Es ist vor allem die Haltung, die sich im Laufe der Geschichte ändert. Der Gang, der Blick, der ganze Körper von Punchinello richtet sich immer mehr auf. Er ist eine der Hauptfiguren in „Wemmicks – Das Musical“, das am Mittwochabend im Nikolaisaal Premiere feierte. Kreiert wurde das Stück von Studenten der Filmuniversität Potsdam. Aus einer ersten Idee von vor zweieinhalb Jahren wurde ein Großprojekt. Für die intensiven Proben mit Choreographie, Gesang und Musik hatte das Ensemble nur zwei Wochen Zeit. Die letzten Nähte der Kostüme wurden am Mittwoch noch kurz vor der Premiere vernäht.

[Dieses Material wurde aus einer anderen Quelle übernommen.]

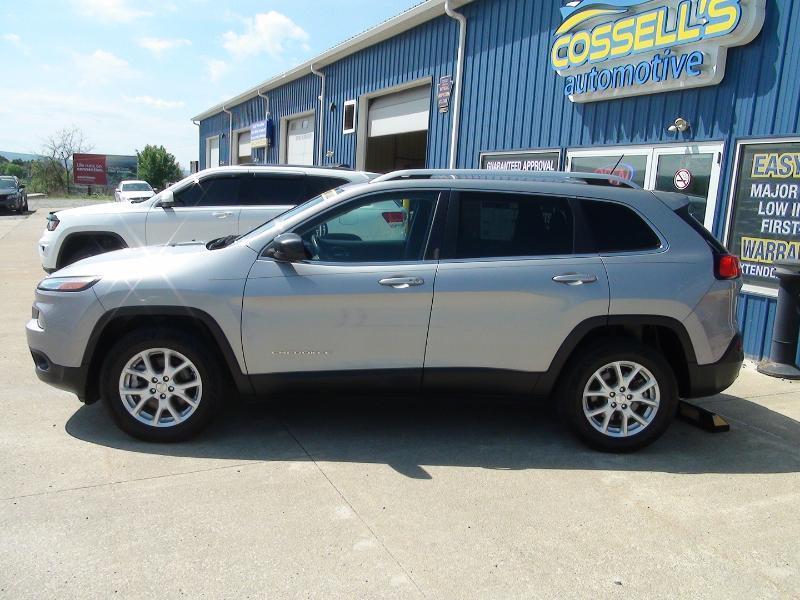 Jeep Cherokee Latitude 4WD 2015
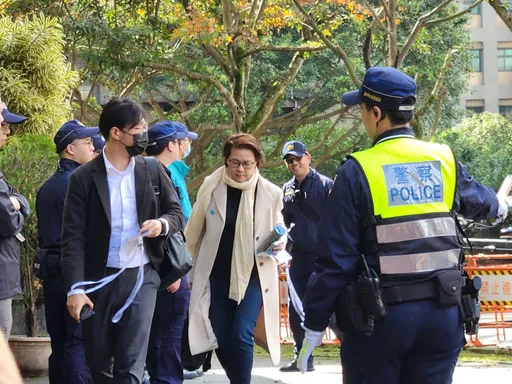 全因他來了！黃珊珊車輛被驅離　她臭臉下車影片曝光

Dem Stück selbst war diese Anstrengung jedoch nicht anzumerken, was vor allem an der Musik sowie den Songs von Ephraim Peise liegt, die sich mit Liedern wie „Jedes Uhrwerk hat ein Rädchen“ oder „Kann ich dir vertrauen“ mit großen Musicals messen können. Dazu perfekt harmonierend: die fetzige Choreographie von Michael Heller. Die raffinierten Kostüme von Sandra Peise, die mit Farbe und Plisseestoffen Holzmaserungen auf den Darstellern vortäuschen, unterstützen die Märchenhaftigkeit der Geschichte. Die Darsteller – eine Mischung aus Profis und Laien – wiederum interpretieren die Geschichte rund um das Holzfigurenvolk der Wemmicks, das seine scheinbar hässliche Holzfassade unter teuren Kleidern versteckt, mit einer mitreißenden Leichtigkeit. Tom Schimon verkörpert dabei Punchinello, einen jungen Wemmick mit einer auffallend großen Hand, der den Wemmicks eher unfreiwillig zu einem neuen Leben ohne Scham und Beautywahn verhilft. Dabei überzeugt er nicht nur stimmlich, sondern auch mit einer – für das Genre Musical nicht immer selbstverständlichen – sehr fein nuancierten, emotionalen Spielweise. Ist sein Punchinello am Anfang noch verhuscht und unsicher, gewinnt er im Laufe des Stückes immer mehr an Strahlkraft. Ebenso kraftvoll ist Lasarah Sattler als Wemmickaufständlerin Lucia. Stimmlich steht sie Schimon in nichts nach, nur ihr Spiel ist manchmal noch etwas zu hektisch, was weniger emotionale Tiefe zulässt.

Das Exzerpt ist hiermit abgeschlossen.